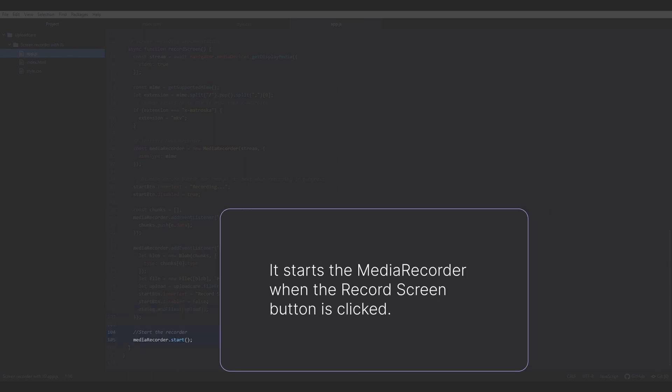It starts the MediaRecorder when the RecordScreen button is clicked. Recording continues until the Stop button is pressed. After the recording is stopped, the video file is added to the UploadCare project and is available on the Files tab.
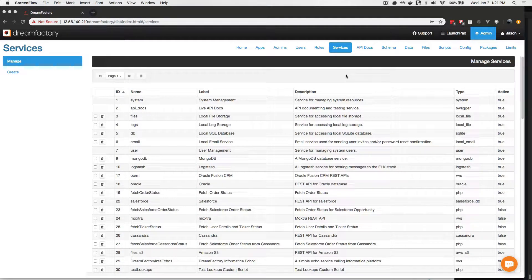Hi, my name is Jason Gilmore, and I am DreamFactory's CTO. Over the course of the next few minutes, I'll show you how to create a fully functional, fully documented, and secure REST API for a MySQL database.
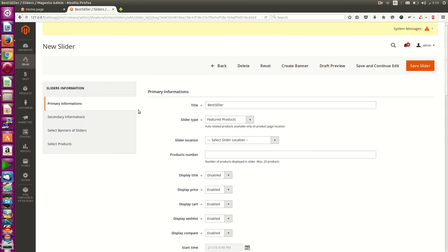This extension is free and open source. You can find it inside our store at store.ibnaib.com. Thanks for watching.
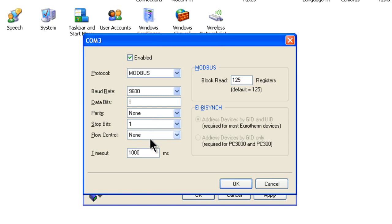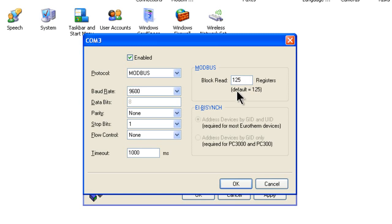Protocol is Modbus. Baud Rate is 9600. Data Bits is 8. Parity is None. Start Bits is 1. Flow Control is None. Time Out is 1000 milliseconds. And Block Read is 125 registers. Next, click on the OK button.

Exercise directions
Each line of the data needs to be output exactly, with any image excluded.

Finished task
It starts the MediaRecorder when the RecordScreen button is clicked. Recording continues until the Stop button is pressed. After the recording is stopped, the video file is added to the UploadCare project and is available on the Files tab.
Hi, my name is Jason Gilmore, and I am DreamFactory's CTO. Over the course of the next few minutes, I'll show you how to create a fully functional, fully documented, and secure REST API for a MySQL database.
This extension is free and open source. You can find it inside our store at store.ibnaib.com. Thanks for watching.
Protocol is Modbus. Baud Rate is 9600. Data Bits is 8. Parity is None. Start Bits is 1. Flow Control is None. Time Out is 1000 milliseconds. And Block Read is 125 registers. Next, click on the OK button.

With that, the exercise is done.